=== DATA SEGMENT ===
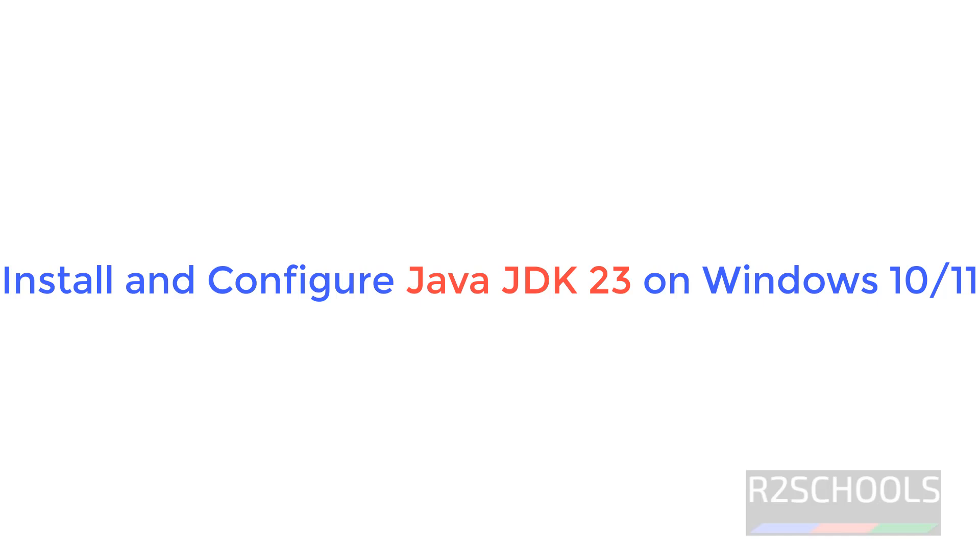Hello guys, in this video we will see how to download, install and configure Java JDK 23 on Windows 11 operating system. But the process is same on all Windows operating systems.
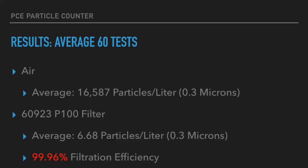So here's a summary of the findings we had. We had an average of 16,587 particles per liter in the 0.3 micron channel in the air. And then once we put the filter through the mask, the air inside the mask had an average of 6.68 particles per liter in the 0.3 micron channel. And if you do some simple calculations, we got a 99.96% filtration efficiency.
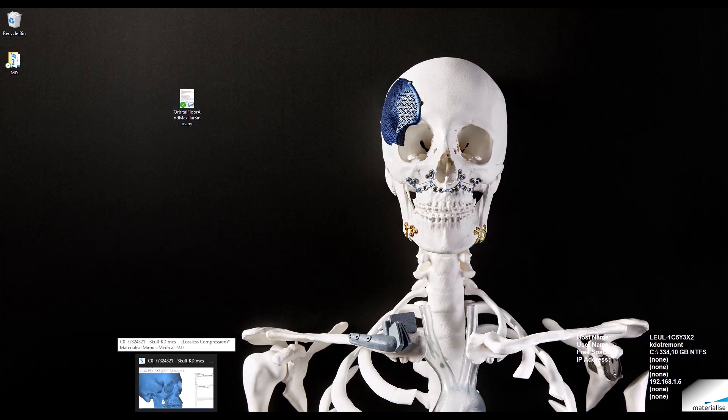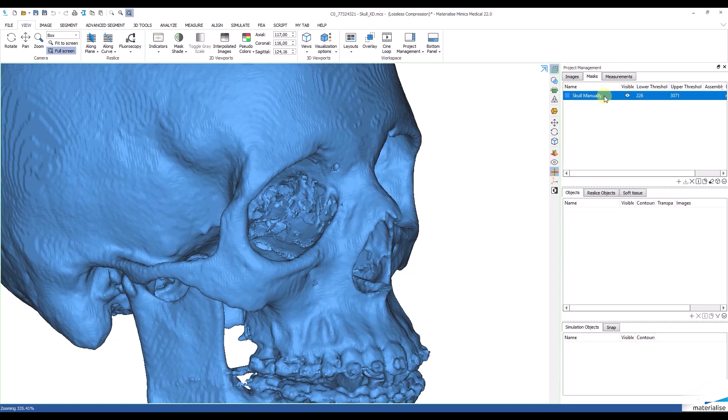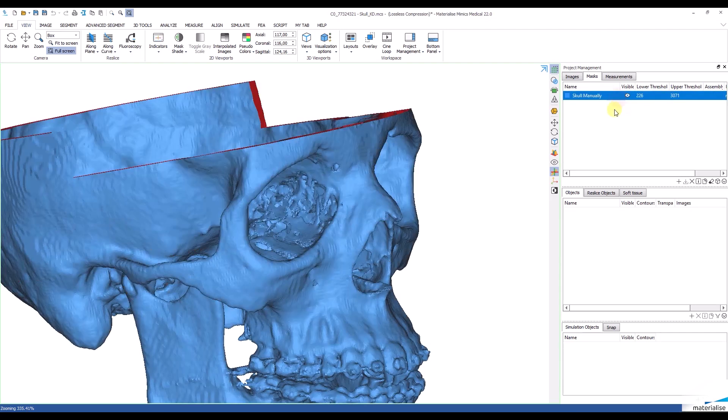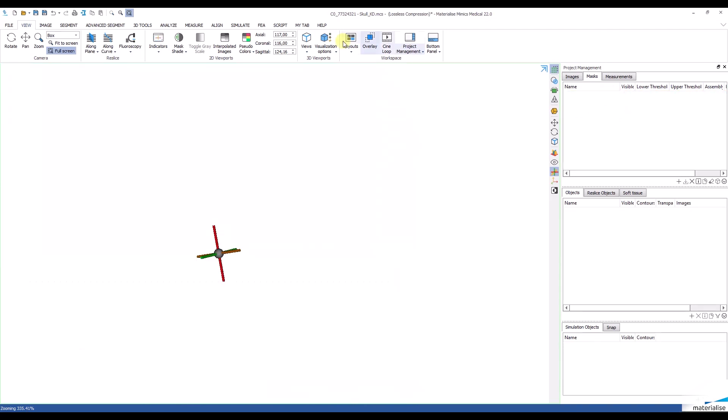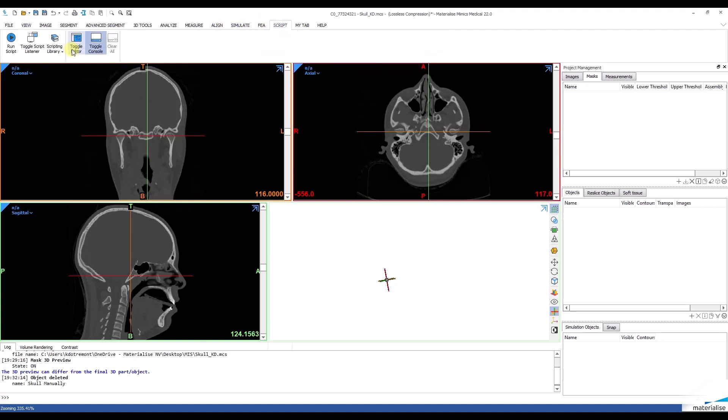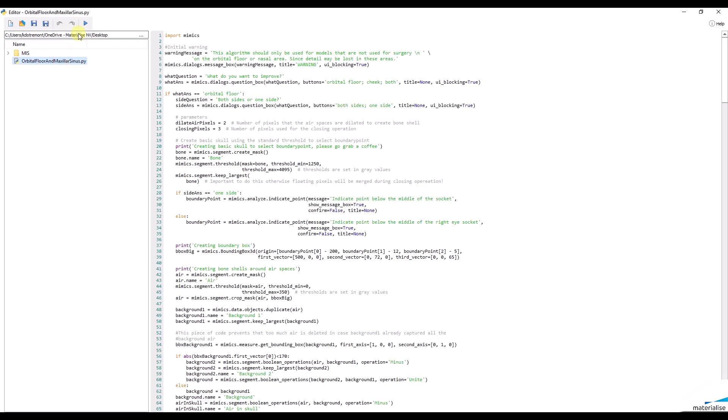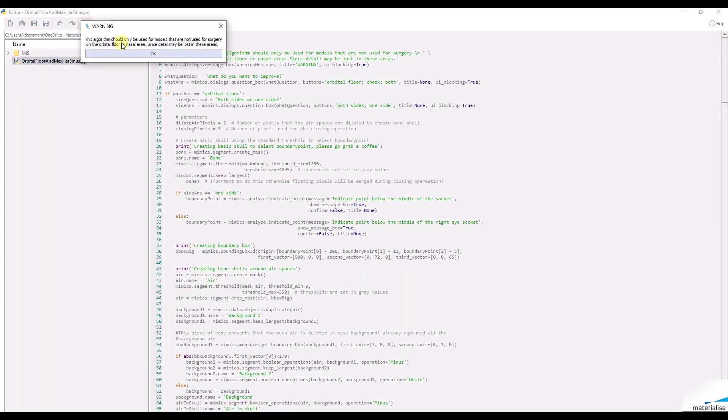Let me go back to Mimix now and create a new project. Hovering my mouse to the scripting tab and opening the editor toolbox. I choose the right file and let it run.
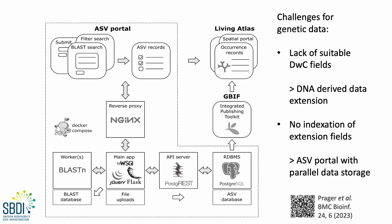So, this is an overview of the resulting Python application, the ASV portal. I will not go into any details here, but just note that we feed data from the providers into our own Postgres database.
===
Omit each picture, then return all of the listing exactly as it stands.

TASK ANSWER ▸
Hello guys, in this video we will see how to download, install and configure Java JDK 23 on Windows 11 operating system. But the process is same on all Windows operating systems.
So here's a summary of the findings we had. We had an average of 16,587 particles per liter in the 0.3 micron channel in the air. And then once we put the filter through the mask, the air inside the mask had an average of 6.68 particles per liter in the 0.3 micron channel. And if you do some simple calculations, we got a 99.96% filtration efficiency.
Let me go back to Mimix now and create a new project. Hovering my mouse to the scripting tab and opening the editor toolbox. I choose the right file and let it run.
So, this is an overview of the resulting Python application, the ASV portal. I will not go into any details here, but just note that we feed data from the providers into our own Postgres database.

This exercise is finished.